I emailed the Daniels family for an update on our eventual arrival in to Denver sometime later and we went to bed. The next morning with our only perception of Missoula being the apparent bordello we were staying at, we thought, “Let’s get the hell out of this town.” But Emily had already responded to my late night email and gave us a laundry list of things we could do in Missoula. We were really just thinking of Missoula as a layover close to Yellowstone but we did have actual laundry and we had some suggestions from someone we trusted.
Since we weren’t going off any sort of real schedule we decided to wing it in Missoula. We found a laundromat with wifi and set up our base there. While Jayne watched laundry, I went to the Staggering Ox. This is much like a Jimmy John’s except their sandwich ingredients are stuffed inside a loaf of bread baked in a coffee can. It wasn’t as good as it sounds. Weeks later on this trip, Jayne would still bring up the sandwich I had. Looking at it unsettled her and she sometimes would claim she couldn’t stop thinking about it.
Across the street was an Albertson’s so we replenished our cooler. Jayne went inside to start on the list and I started moving things from the back of the car to dig the cooler out of its spot. I walked up to some shrubs and placed the cooler in the shrubs to drain the water. At this point we were pretty low on ice. Like everything on this trip, we replenished the ice whenever. If we were at a hotel where it was easy to fill up a 48 quart cooler, we did. In Canada, we paid $6 for 14 pounds of ice. We bought some at Albertson’s but I didn’t ask Jayne how much this one set us back. The Sanderson in me doesn’t want to know what I just paid for frozen water.
We rolled our cart out to the parking lot and started to take out everything but the base of the cooler (bottled waters, milk, Diet Cokes, Cokes and Koolaid Jammers). We organized the waterlogged jams and condiments with the cheeses and butter tub and surrounded the milks and juices and lunch meats with plenty of ice. As we were doing this, the cart collection boy strolled up and said, “Going camping?” This opened the door for him to carry on one of the best (one-sided) conversations I’ve ever had with someone. Jayne wrote a lot of it down as soon as he left and I will block quote that right now if I may.

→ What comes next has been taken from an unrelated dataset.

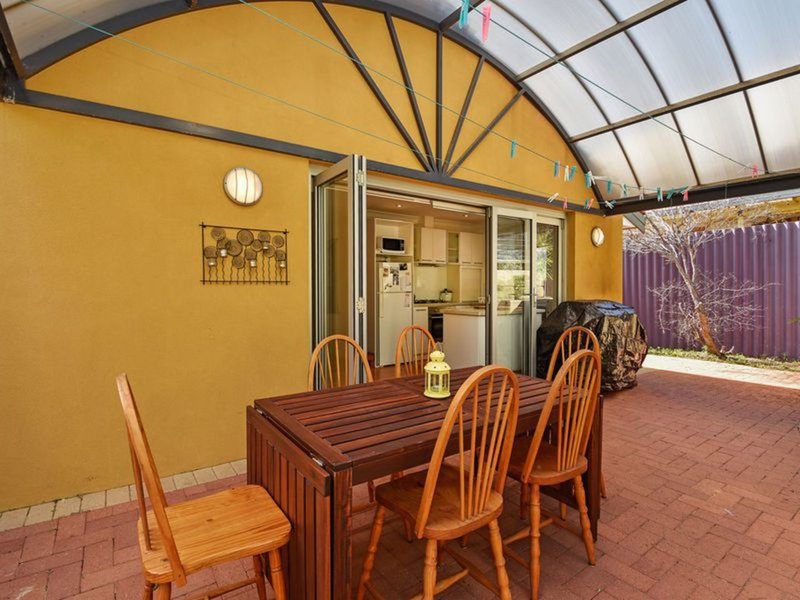 Photo - 4/13 Alga Street, Scarborough WA 6019 - Image 10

In an Albertson’s parking lot in Missoula, MT, while Zach packed up the cooler, we made the acquaintance of a cart return boy. He was a most astonishing young man. He told us that he personally had met Barack Obama twice, and that Barack Obama is from Chicago, and that he, too, is from Chicago.
Upon learning that we were going camping in Yellowstone he let us know that one of the times he met President Obama was when Obama flew a 747 into Yellowstone. The young gentleman had also been at Yellowstone just last night, with his mom. They saw 17 bears.
“Excuse me,” a woman in the car next to us yelled. “Can you move these carts?” The carts the young man had been pushing were left in front of her car. When the young man made no response, Zach grabbed the carts and held them out of her way.
“Gotta stabilize ‘em like that,” the young man said, approving of Zach’s method.
Finally, upon learning that we are from the great state of Iowa, he informed us of yet another amazing coincidence – his father is the governor of Iowa, and his uncle is head coach of the football team there. He enlarged upon this last fact with some information shared with him by his cousin in Iowa, but I did not hear this part, because I was hiding in the car because I was laughing too much.
I have nothing to add except that his cousin in Iowa was in fact the Nebraska basketball coach. And…despite meeting Barack Obama multiple times he seemed most astonished that upon seeing 17 bears in Yellowstone that they just let you park in the middle of the road!! I’ve heard of pulling to the side but parking in the middle of the road?! Unbelievable!